• WORK REQUEST:
All of the data must be returned word for word.

• GIVEN DATA:
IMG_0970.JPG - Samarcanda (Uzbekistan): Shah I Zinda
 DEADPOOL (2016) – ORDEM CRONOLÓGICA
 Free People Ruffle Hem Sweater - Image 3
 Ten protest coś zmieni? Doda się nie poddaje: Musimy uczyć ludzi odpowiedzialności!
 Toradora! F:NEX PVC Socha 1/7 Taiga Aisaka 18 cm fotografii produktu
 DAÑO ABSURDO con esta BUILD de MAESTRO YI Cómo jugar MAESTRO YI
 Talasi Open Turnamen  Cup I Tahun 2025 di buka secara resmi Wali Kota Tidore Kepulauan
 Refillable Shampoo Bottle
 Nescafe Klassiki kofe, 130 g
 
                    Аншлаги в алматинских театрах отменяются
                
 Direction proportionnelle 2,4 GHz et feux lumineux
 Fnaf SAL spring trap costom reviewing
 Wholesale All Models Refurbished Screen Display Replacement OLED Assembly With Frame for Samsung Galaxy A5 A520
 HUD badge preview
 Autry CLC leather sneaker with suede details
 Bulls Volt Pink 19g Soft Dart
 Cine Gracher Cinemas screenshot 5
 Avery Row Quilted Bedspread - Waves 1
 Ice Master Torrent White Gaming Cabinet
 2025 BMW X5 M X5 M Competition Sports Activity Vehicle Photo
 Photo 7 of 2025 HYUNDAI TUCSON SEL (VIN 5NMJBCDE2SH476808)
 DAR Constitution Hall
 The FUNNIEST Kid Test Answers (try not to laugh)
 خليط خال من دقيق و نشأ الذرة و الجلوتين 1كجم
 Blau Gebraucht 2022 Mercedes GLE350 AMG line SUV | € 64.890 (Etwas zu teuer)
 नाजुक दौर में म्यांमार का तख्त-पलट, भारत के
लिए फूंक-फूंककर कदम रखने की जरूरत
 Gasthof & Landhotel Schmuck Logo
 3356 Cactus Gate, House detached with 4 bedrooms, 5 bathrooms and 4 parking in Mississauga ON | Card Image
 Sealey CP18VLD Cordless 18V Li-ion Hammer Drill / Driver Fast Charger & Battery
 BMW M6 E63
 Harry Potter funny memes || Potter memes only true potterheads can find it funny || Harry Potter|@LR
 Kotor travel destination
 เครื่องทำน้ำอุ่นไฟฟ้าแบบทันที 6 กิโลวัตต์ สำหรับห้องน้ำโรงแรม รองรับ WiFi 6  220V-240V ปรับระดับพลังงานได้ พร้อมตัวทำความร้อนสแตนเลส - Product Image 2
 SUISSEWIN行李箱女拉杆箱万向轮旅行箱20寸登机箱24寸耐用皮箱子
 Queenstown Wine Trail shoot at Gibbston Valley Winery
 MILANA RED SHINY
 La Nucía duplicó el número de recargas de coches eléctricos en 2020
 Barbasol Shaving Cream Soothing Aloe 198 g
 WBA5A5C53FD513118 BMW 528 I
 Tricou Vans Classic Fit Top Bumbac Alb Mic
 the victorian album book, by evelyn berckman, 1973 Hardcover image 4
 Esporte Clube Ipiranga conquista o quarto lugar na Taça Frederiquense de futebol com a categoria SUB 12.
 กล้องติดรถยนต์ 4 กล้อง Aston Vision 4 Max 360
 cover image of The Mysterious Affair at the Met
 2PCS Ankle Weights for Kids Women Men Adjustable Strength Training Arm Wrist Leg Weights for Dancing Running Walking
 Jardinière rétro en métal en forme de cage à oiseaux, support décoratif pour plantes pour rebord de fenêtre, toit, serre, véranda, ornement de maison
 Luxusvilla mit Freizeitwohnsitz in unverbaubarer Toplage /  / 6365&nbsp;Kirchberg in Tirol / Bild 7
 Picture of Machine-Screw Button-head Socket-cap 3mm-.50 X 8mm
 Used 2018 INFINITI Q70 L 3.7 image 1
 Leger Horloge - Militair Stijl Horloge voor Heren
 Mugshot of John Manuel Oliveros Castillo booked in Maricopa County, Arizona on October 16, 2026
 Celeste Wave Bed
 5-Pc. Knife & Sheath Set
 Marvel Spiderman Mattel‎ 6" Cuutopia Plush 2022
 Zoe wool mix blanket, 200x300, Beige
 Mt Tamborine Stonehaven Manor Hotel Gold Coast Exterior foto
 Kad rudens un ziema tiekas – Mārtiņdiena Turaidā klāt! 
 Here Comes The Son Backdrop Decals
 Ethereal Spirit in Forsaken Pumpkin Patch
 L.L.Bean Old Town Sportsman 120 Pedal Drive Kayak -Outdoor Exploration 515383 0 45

• EXERCISE SOLUTION:
IMG_0970.JPG - Samarcanda (Uzbekistan): Shah I Zinda
 DEADPOOL (2016) – ORDEM CRONOLÓGICA
 Free People Ruffle Hem Sweater - Image 3
 Ten protest coś zmieni? Doda się nie poddaje: Musimy uczyć ludzi odpowiedzialności!
 Toradora! F:NEX PVC Socha 1/7 Taiga Aisaka 18 cm fotografii produktu
 DAÑO ABSURDO con esta BUILD de MAESTRO YI Cómo jugar MAESTRO YI
 Talasi Open Turnamen  Cup I Tahun 2025 di buka secara resmi Wali Kota Tidore Kepulauan
 Refillable Shampoo Bottle
 Nescafe Klassiki kofe, 130 g
 
                    Аншлаги в алматинских театрах отменяются
                
 Direction proportionnelle 2,4 GHz et feux lumineux
 Fnaf SAL spring trap costom reviewing
 Wholesale All Models Refurbished Screen Display Replacement OLED Assembly With Frame for Samsung Galaxy A5 A520
 HUD badge preview
 Autry CLC leather sneaker with suede details
 Bulls Volt Pink 19g Soft Dart
 Cine Gracher Cinemas screenshot 5
 Avery Row Quilted Bedspread - Waves 1
 Ice Master Torrent White Gaming Cabinet
 2025 BMW X5 M X5 M Competition Sports Activity Vehicle Photo
 Photo 7 of 2025 HYUNDAI TUCSON SEL (VIN 5NMJBCDE2SH476808)
 DAR Constitution Hall
 The FUNNIEST Kid Test Answers (try not to laugh)
 خليط خال من دقيق و نشأ الذرة و الجلوتين 1كجم
 Blau Gebraucht 2022 Mercedes GLE350 AMG line SUV | € 64.890 (Etwas zu teuer)
 नाजुक दौर में म्यांमार का तख्त-पलट, भारत के
लिए फूंक-फूंककर कदम रखने की जरूरत
 Gasthof & Landhotel Schmuck Logo
 3356 Cactus Gate, House detached with 4 bedrooms, 5 bathrooms and 4 parking in Mississauga ON | Card Image
 Sealey CP18VLD Cordless 18V Li-ion Hammer Drill / Driver Fast Charger & Battery
 BMW M6 E63
 Harry Potter funny memes || Potter memes only true potterheads can find it funny || Harry Potter|@LR
 Kotor travel destination
 เครื่องทำน้ำอุ่นไฟฟ้าแบบทันที 6 กิโลวัตต์ สำหรับห้องน้ำโรงแรม รองรับ WiFi 6  220V-240V ปรับระดับพลังงานได้ พร้อมตัวทำความร้อนสแตนเลส - Product Image 2
 SUISSEWIN行李箱女拉杆箱万向轮旅行箱20寸登机箱24寸耐用皮箱子
 Queenstown Wine Trail shoot at Gibbston Valley Winery
 MILANA RED SHINY
 La Nucía duplicó el número de recargas de coches eléctricos en 2020
 Barbasol Shaving Cream Soothing Aloe 198 g
 WBA5A5C53FD513118 BMW 528 I
 Tricou Vans Classic Fit Top Bumbac Alb Mic
 the victorian album book, by evelyn berckman, 1973 Hardcover image 4
 Esporte Clube Ipiranga conquista o quarto lugar na Taça Frederiquense de futebol com a categoria SUB 12.
 กล้องติดรถยนต์ 4 กล้อง Aston Vision 4 Max 360
 cover image of The Mysterious Affair at the Met
 2PCS Ankle Weights for Kids Women Men Adjustable Strength Training Arm Wrist Leg Weights for Dancing Running Walking
 Jardinière rétro en métal en forme de cage à oiseaux, support décoratif pour plantes pour rebord de fenêtre, toit, serre, véranda, ornement de maison
 Luxusvilla mit Freizeitwohnsitz in unverbaubarer Toplage /  / 6365&nbsp;Kirchberg in Tirol / Bild 7
 Picture of Machine-Screw Button-head Socket-cap 3mm-.50 X 8mm
 Used 2018 INFINITI Q70 L 3.7 image 1
 Leger Horloge - Militair Stijl Horloge voor Heren
 Mugshot of John Manuel Oliveros Castillo booked in Maricopa County, Arizona on October 16, 2026
 Celeste Wave Bed
 5-Pc. Knife & Sheath Set
 Marvel Spiderman Mattel‎ 6" Cuutopia Plush 2022
 Zoe wool mix blanket, 200x300, Beige
 Mt Tamborine Stonehaven Manor Hotel Gold Coast Exterior foto
 Kad rudens un ziema tiekas – Mārtiņdiena Turaidā klāt! 
 Here Comes The Son Backdrop Decals
 Ethereal Spirit in Forsaken Pumpkin Patch
 L.L.Bean Old Town Sportsman 120 Pedal Drive Kayak -Outdoor Exploration 515383 0 45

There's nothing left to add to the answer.